One day, Jesus took His disciples North of the land Jews felt comfortable in, to Caesarea Philippi. There, still today, is a cliff with a pool of spring water before it called “the rock of the gods.” On the day Jesus led the field trip, the water was flowing from a cave, and was called a “gate of Hades.” Such flows of water from underground were considered in Greek and Roman mythologies to be paths to the Underworld, where their gods spent winters, causing the earth to be neglected and lifeless.

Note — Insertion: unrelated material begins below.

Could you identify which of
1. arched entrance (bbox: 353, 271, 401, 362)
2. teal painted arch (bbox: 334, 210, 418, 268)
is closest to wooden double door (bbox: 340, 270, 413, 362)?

Springtime called for ritualistic sex and symbols of rabbits and eggs to invoke the gods to return to the surface of the earth and bless the crops and herds and wives with much reproduction and bounty.
In this place of pagan symbols and activities, Jesus responded to Peter’s God-inspired revelation that He was the “Christ – the Son of the Living God” with, “Happy art thou, Simon Bar-Jona, because flesh and blood did not reveal [it] to thee, but my Father who is in the heavens.

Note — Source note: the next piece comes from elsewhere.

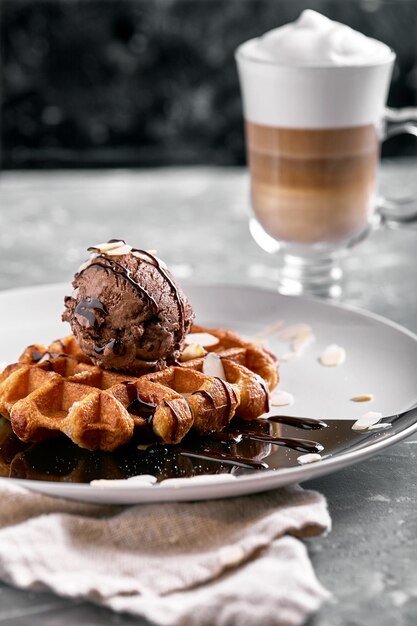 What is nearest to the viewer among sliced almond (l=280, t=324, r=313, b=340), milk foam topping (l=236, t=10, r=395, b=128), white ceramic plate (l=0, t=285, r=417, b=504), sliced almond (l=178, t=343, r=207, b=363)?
white ceramic plate (l=0, t=285, r=417, b=504)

And I also say to thee, that thou art a rock (“petros” – G4074: piece of rock), and upon this rock (“petra” – G4073: mass of rock) I will build my assembly (“ekklesia” – G1577: authoritative assembly, called together), and gates of Hades shall not prevail against it; and I will give to thee the keys of the reign of the heavens, and whatever thou mayest bind upon the earth shall be having been bound in the heavens, and whatever thou mayest loose upon the earth shall be having been loosed in the heavens.”
(Matthew 16:17-19 Young’s Literal Translation / my parenthetical word explanations include numbers from James Strong’s Greek dictionary)

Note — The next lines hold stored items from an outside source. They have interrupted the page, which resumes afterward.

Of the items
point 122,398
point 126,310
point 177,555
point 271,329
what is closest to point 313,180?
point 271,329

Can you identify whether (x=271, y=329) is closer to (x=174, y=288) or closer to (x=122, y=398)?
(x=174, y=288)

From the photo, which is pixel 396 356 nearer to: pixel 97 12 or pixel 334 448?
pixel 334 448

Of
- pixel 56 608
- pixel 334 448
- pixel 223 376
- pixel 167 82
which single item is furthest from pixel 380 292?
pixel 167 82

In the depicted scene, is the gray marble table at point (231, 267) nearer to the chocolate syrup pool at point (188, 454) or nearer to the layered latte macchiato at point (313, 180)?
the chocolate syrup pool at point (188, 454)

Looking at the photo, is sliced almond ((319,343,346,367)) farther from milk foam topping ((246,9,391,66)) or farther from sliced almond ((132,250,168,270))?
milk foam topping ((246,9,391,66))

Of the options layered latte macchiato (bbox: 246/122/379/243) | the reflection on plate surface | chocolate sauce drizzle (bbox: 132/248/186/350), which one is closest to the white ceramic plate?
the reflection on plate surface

I quoted Matthew 16:17-19 using Young’s Literal Translation because it was not affected by instructions of James 1, king of England, to the men he employed to translate the Scriptures into English, which included the specific instruction to mistranslate “ekklesia” as “church.” His instruction was given so that he would have no threat of local “assemblies” perceiving their authority as gatherings of the King of Heaven. “Ekklesia” is a word that Jesus used 3 times in the Gospels. Each time, He was talking about His Kingdom, not about what Constantine in 330 AD or so and James in 1611 AD created and called “church.”